La mise en œuvre de ces conseils peut contribuer à apaiser l’interaction conflictuelle entre les deux protagonistes. Ousmane Sonko devrait renforcer la mobilisation pacifique pour créer un rapport de force favorable et en même temps offrir des portes de sortie au camp d’en face. On espère bien que cela va renforcer le processus d’apaisement, d’autant plus que malgré les déchaînements de violence, les Sénégalais sont fondamentalement pacifiques et ils oublient vite. « Masla » et « Yeurmandé » sont très ancrés dans nos conduites quotidiennes.

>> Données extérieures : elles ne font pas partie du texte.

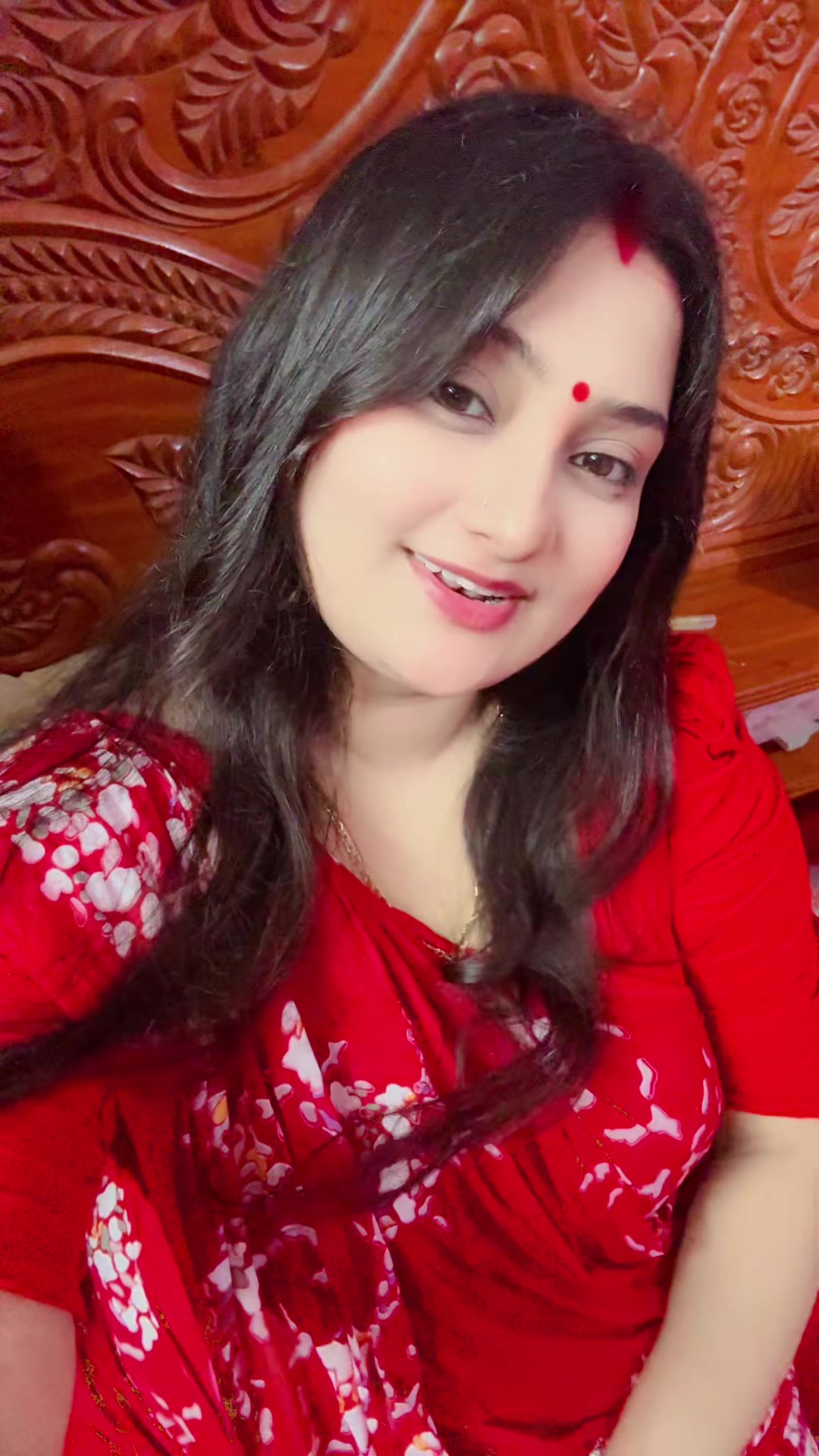 @❤️❤️Piya singha❤️❤️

Il suffit de voir comment Aminata Touré a été accueillie par les leaders de YAW lors du meeting de Parcelles et ses nouveaux liens avec Guy Marius Sagna pour en être convaincu. Demain, rien n’exclut de voir assis côte à côte Macky Sall, Ousmane Sonko et leurs épouses respectives. Si le principal ennemi de Pastef est le retard économique, mises à part les personnes impliquées dans des dossiers de meurtre, quelle serait l’utilité de mener des poursuites ou de tenter d’humilier qui que ce soit ? À Macky également d’avoir foi en le génie et en la sagesse de ce peuple sénégalais en général et en la magnanimité de l’opposition en particulier.